# General Topics > Food, Feeders, Live, Frozen, Culturing, etc >  How much should my green tree frogs be eating?

## aja

i stopped at the pet store yesterday and picked up 30 gut loaded small crickets. we dumped them into the frog's barrel. we didn't see them eat any (although they seemed to be going wild in there after we turned out the light). we don't see very many crickets this morning. maybe 2 or 3 hopping around and several dead in the water. are they all hiding in the rocks? did these little frogs eat 2 dozen crickets last night?

----------


## John Clare

Crickets are great at hiding - I suspect most escaped.  A lot of people take their tree frogs out and feed them in a large plastic shoe box container, or similar.  Tree Frogs are usually nocturnal and prefer to eat at night.  When they tame down a lot they may be open to eating during the day.

----------


## JimO

I feed my green tree frog (along with a few other local species) about once or twice a week.  It's a female and I've seen her eat 10 small to medium-sized crickets in one feeding.  Then she sits fat and happy on a brom leaf for 3 or 4 days.   :Big Grin:   She sometimes feeds when the lights are on, but I've dumped in two dozen crickets and watched half of them disappear into the substrate almost immediately.  I have a very small snapping turtle in the pond who grabs any that end up in the water.

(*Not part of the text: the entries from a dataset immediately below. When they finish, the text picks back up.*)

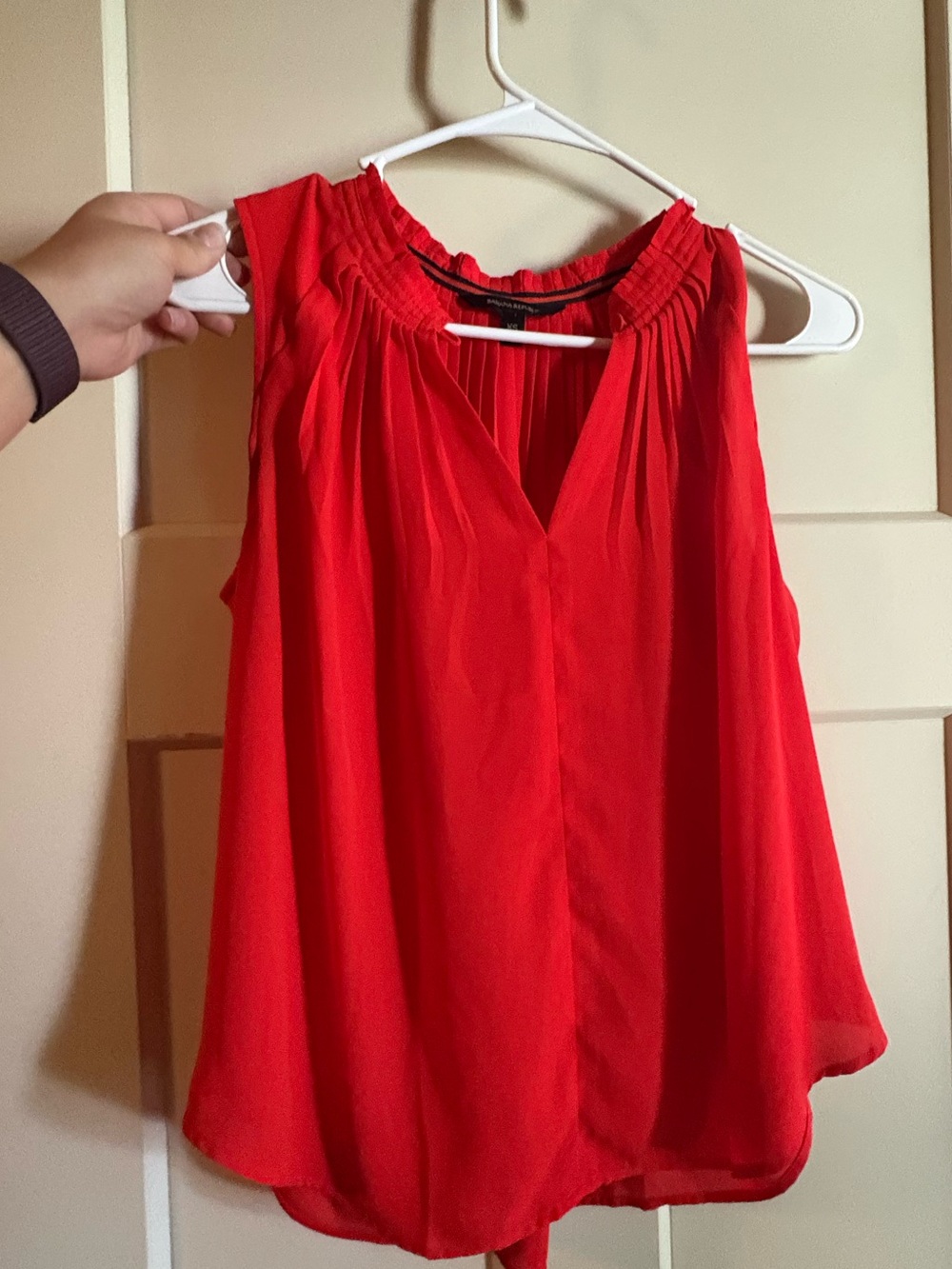 Banana Republic Red Sleeveless Pleated-Neck Camisole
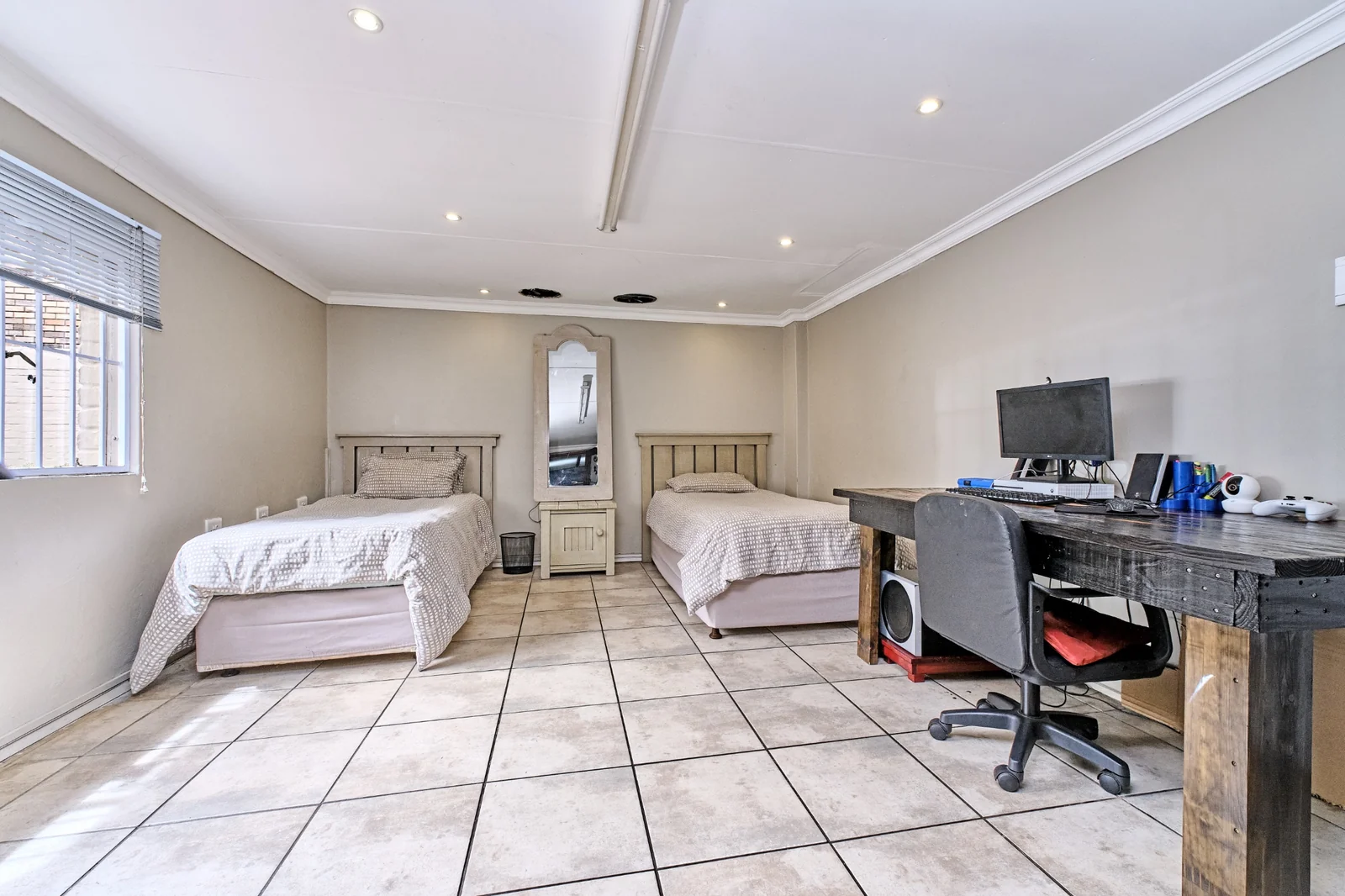 5-Bedroom, 5 Bath Home with Cottage, Pool & Business Rights – Endless Potential in Radiokop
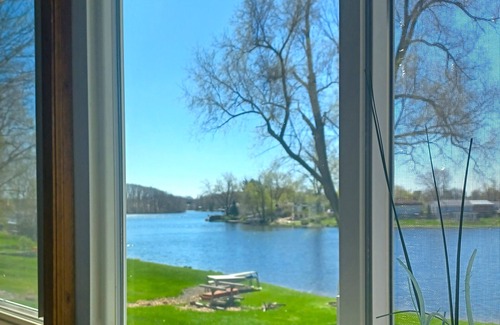 Hastings Apartamento | Algonquin Lakeside Suite D with Private Dock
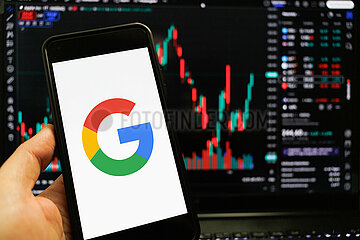 Symbolbild: Google Logo auf Smartphone-Bildschirm.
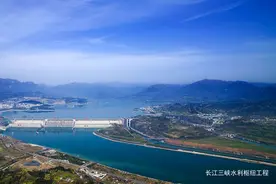 三峡集团年营业收入首次突破千亿元大关，较五年前增超57%图片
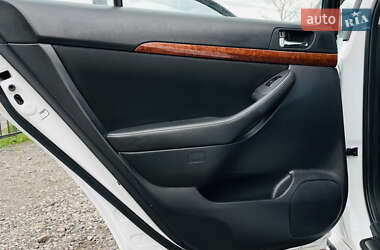 Седан Toyota Avensis 2008 в 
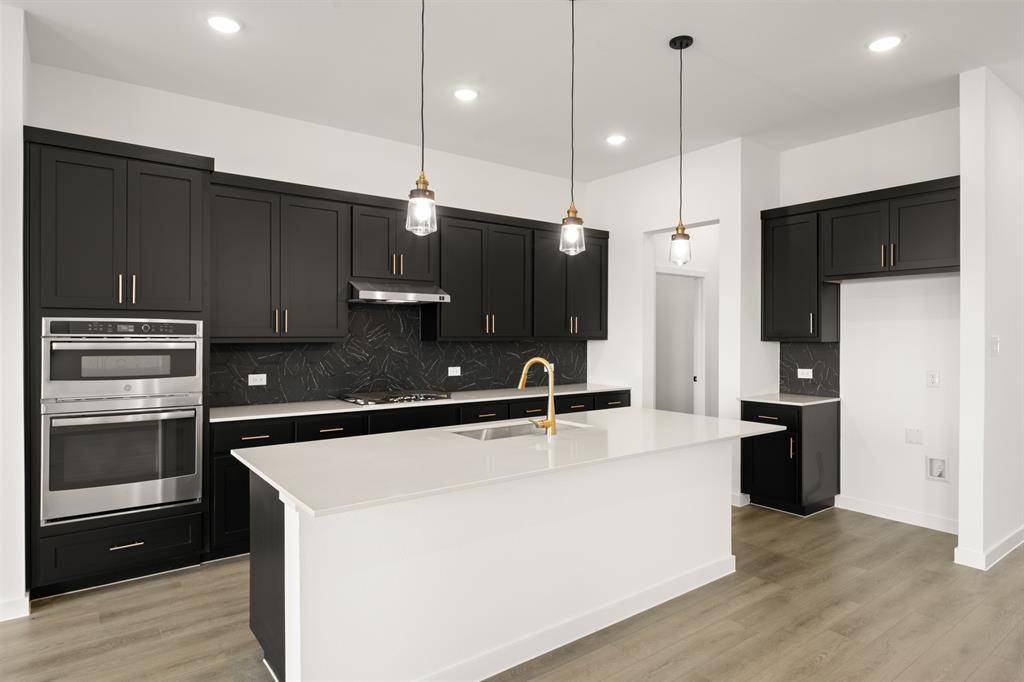 672 Tyronza Drive, Justin, TX 76247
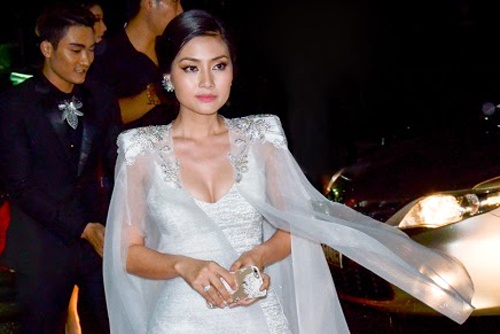 Ngoc Lan goi cam voi vay bo sat hinh anh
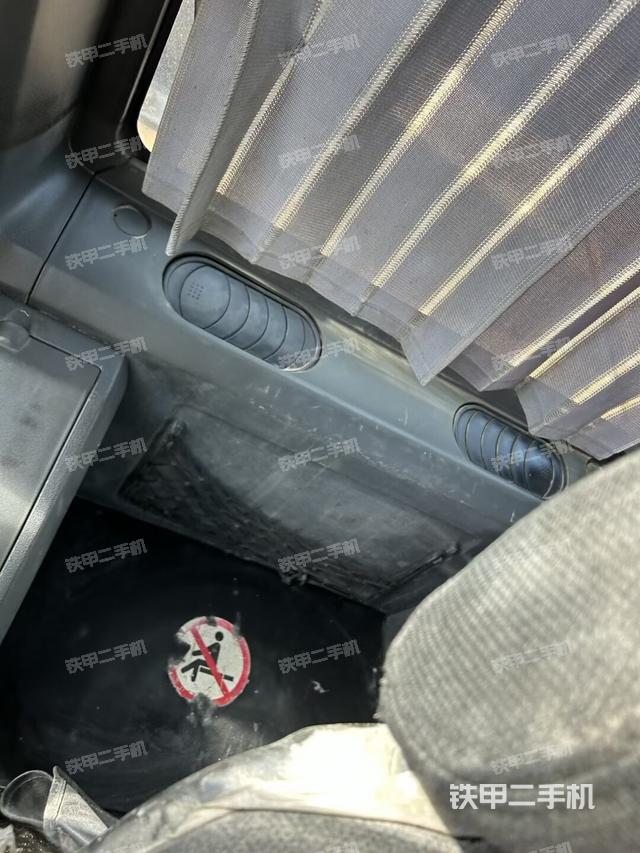 行走控制手柄和踏板 俯拍（驾驶室部分）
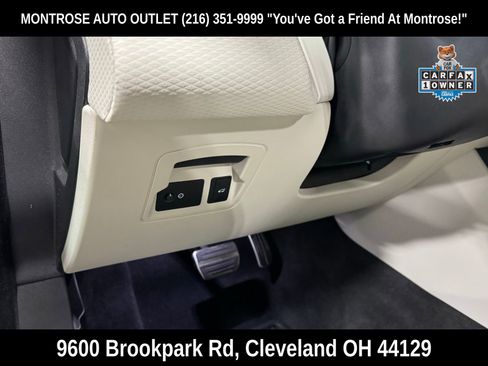 Used 2023 Land Rover Range Rover Velar R-Dynamic S image 16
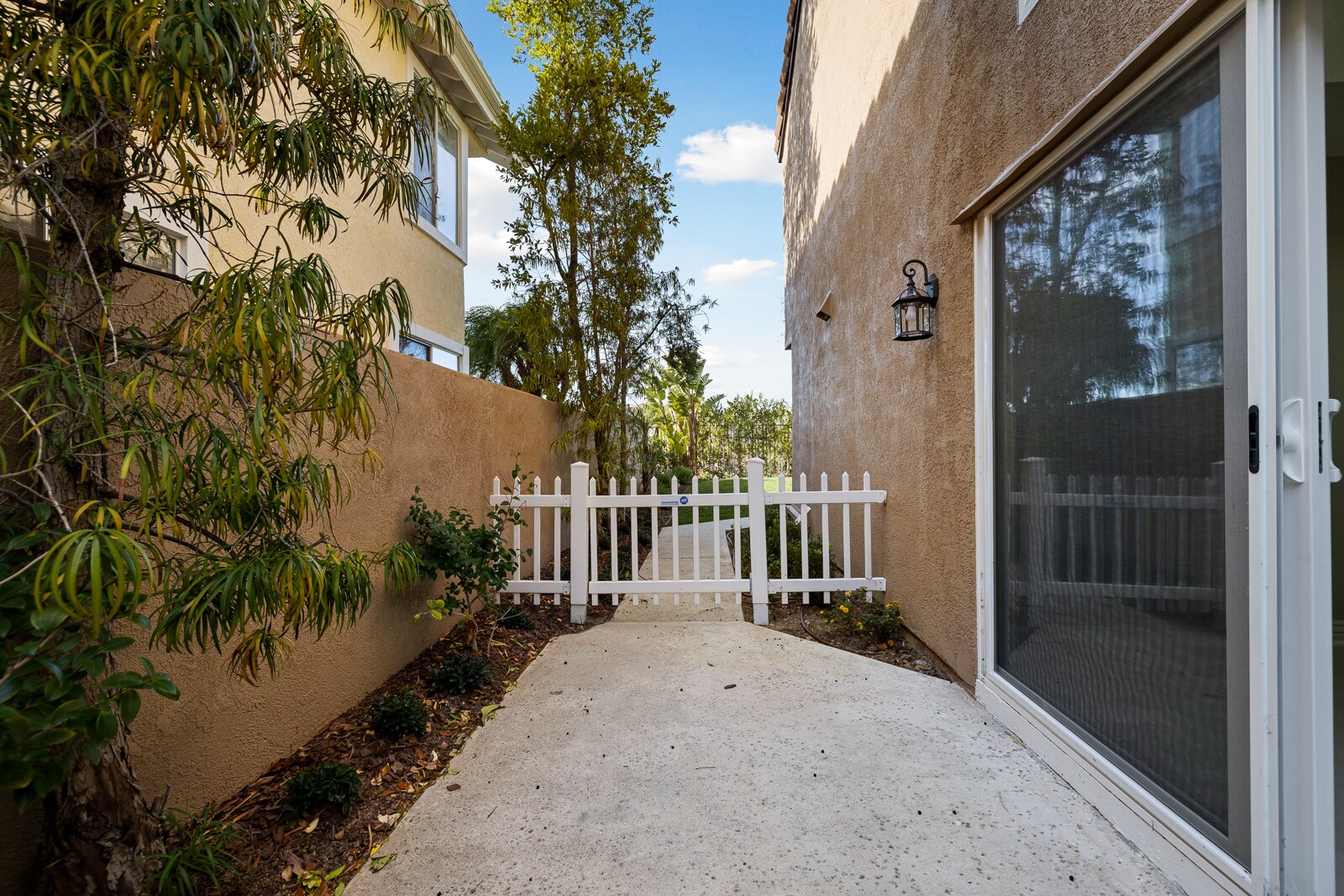 Building Photo - 24675 Vista Cerritos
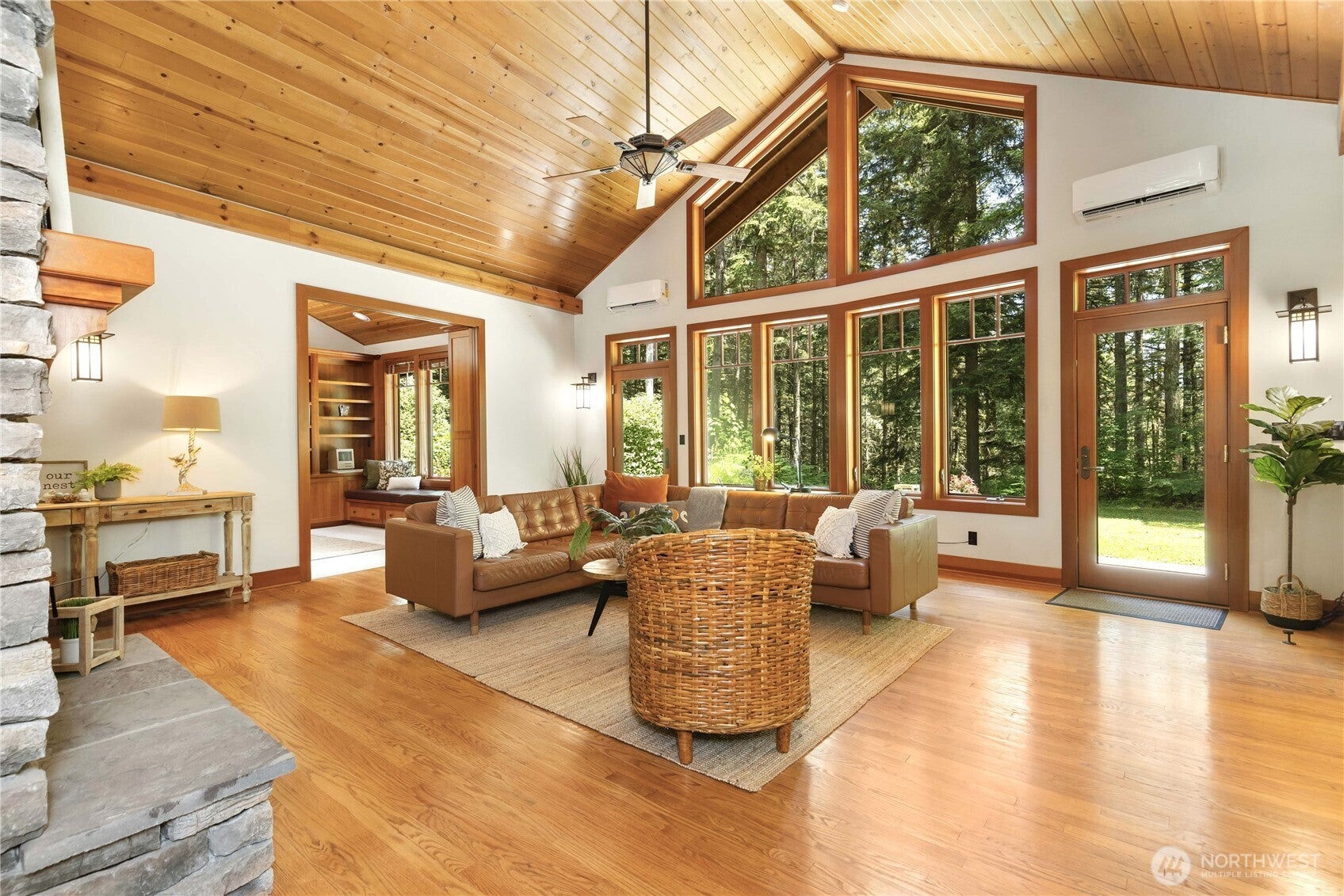 Carnation, Washington, 98014, United States, 3 Bedrooms Bedrooms, ,4 BathroomsBathrooms,Residential,Active,1945355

If your enclosure is pretty tight, the frogs will eventually get most of the crickets that are hiding.

----------


## aja

we don't have any moss or anything in there yet, just a collection of small rocks and some sticks. i was able to pick it up and poke through the rocks to count and there are at most 15 crickets left. they have been way more docile today, too so i think they are full and happy. they even let the kids stroke their backs and are a bit less jumpy.

----------


## JimO

If you take a slice of raw potato and/or piece of fruit, the crickets can live for quite a while and provide an ongoing source of food for the frogs.  The crickets also need water.  I usually put a wet piece of paper towel in with them as well when I'm storing surplus crickets.

----------